Joe Torre, apprentice solicitor at Muckle LLP, has been working on GDPR with the firm's data protection lawyers and spotted something businesses might be missing.
Data breaches are rising by over 30% a quarter, according to trends seen by the Information Commissioners Office (ICO), and that’s not counting all the breaches that go unreported. News of breaches is becoming increasingly common. Just recently it emerged that Uber had paid off hackers who last year compromised the data of 57 million customers and employees worldwide.
After hiding the breach for over a year, the company finally released a statement admitting that ‘the names and driver’s license numbers of around 600,000 drivers in the United States’ had been compromised. It has also since transpired that 2.7 million UK users’ data has been hacked.
This example is exactly why the new General Data Protection Regulation (GDPR) has new requirements in place for reporting serious breaches.
Transparent businesses
Creating a culture of openness is more important than ever for businesses. Employees need to feel that it is better to tell someone about a suspected breach than to sit on it and do nothing.
Under the Data Protection Act 1998 it was considered ‘best practice’ to report incidents. Whereas the new regulations make it mandatory to disclose any cases of a personal data breach if they pose a likely risk to people’s rights and freedoms.
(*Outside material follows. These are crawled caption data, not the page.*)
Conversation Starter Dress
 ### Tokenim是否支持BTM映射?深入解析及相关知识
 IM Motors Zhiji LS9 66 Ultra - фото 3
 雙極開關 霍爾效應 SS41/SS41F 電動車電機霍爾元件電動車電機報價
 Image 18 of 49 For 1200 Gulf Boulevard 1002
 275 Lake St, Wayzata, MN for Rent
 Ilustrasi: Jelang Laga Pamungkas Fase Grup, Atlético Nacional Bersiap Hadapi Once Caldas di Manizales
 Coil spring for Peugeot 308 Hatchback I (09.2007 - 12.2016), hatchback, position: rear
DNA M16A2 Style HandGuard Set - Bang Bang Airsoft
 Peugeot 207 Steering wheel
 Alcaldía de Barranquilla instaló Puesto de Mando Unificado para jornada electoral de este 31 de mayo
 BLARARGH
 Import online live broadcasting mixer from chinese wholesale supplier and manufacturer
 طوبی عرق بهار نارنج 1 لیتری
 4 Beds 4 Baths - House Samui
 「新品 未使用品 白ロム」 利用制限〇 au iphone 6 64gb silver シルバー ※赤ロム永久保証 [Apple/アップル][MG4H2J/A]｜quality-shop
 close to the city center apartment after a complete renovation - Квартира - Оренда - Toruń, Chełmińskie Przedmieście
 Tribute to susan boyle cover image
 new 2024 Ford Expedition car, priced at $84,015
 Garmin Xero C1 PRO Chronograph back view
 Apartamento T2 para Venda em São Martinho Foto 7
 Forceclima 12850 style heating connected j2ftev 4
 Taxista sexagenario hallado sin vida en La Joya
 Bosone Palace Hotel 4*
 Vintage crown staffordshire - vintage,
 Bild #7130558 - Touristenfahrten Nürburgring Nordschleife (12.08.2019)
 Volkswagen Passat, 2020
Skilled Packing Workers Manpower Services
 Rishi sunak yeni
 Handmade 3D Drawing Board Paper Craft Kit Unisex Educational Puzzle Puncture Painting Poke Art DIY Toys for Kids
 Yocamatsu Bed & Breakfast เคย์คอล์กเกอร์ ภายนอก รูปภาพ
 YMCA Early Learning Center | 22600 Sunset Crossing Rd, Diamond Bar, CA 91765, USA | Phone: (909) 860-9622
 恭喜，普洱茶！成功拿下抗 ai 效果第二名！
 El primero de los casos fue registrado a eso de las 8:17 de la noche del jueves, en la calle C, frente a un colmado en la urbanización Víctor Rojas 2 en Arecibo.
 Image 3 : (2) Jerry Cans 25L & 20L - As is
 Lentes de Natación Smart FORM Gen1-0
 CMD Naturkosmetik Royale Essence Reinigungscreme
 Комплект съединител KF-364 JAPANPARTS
Businesses now have 72 hours to report certain breaches to the ICO. Failure to do so can, under the new guidelines, lead to a huge fine.
What businesses might have missed
Under the new rules organisations must have measures in place to prevent breaches, have a plan for when a breach occurs and make sure employees know what to do if it happens.
These new requirements have seemingly gone unnoticed, clouded by smoke created by scaremongering media and marketing communications, focussed on the new fines under the regulation. I’m sure you will all have read about the £20m fines for breaches of GDPR, a sum that is in a different league to the current maximum £500,000 that the ICO can impose currently. But let’s not obsess about that.
It’s not all doom and gloom. We shouldn’t panic. UK information commissioner Elizabeth Denham has reassured businesses, saying: “This law is not about fines. It’s about putting the consumer and citizen first. We can’t lose sight of that. Focusing on big fines makes for great headlines, but thinking that GDPR is about crippling financial punishment misses the point.”
While the ICO will enforce these new fines, the change in the law should be seen as an opportunity for businesses to ensure the way they hold data is more secure and efficient than ever, rather than worrying about the penalty for not doing so.
So New Year, new start for our data security systems. Now is the time to make sure they are in better shape than ever before, fit and ready for the new regulations in May.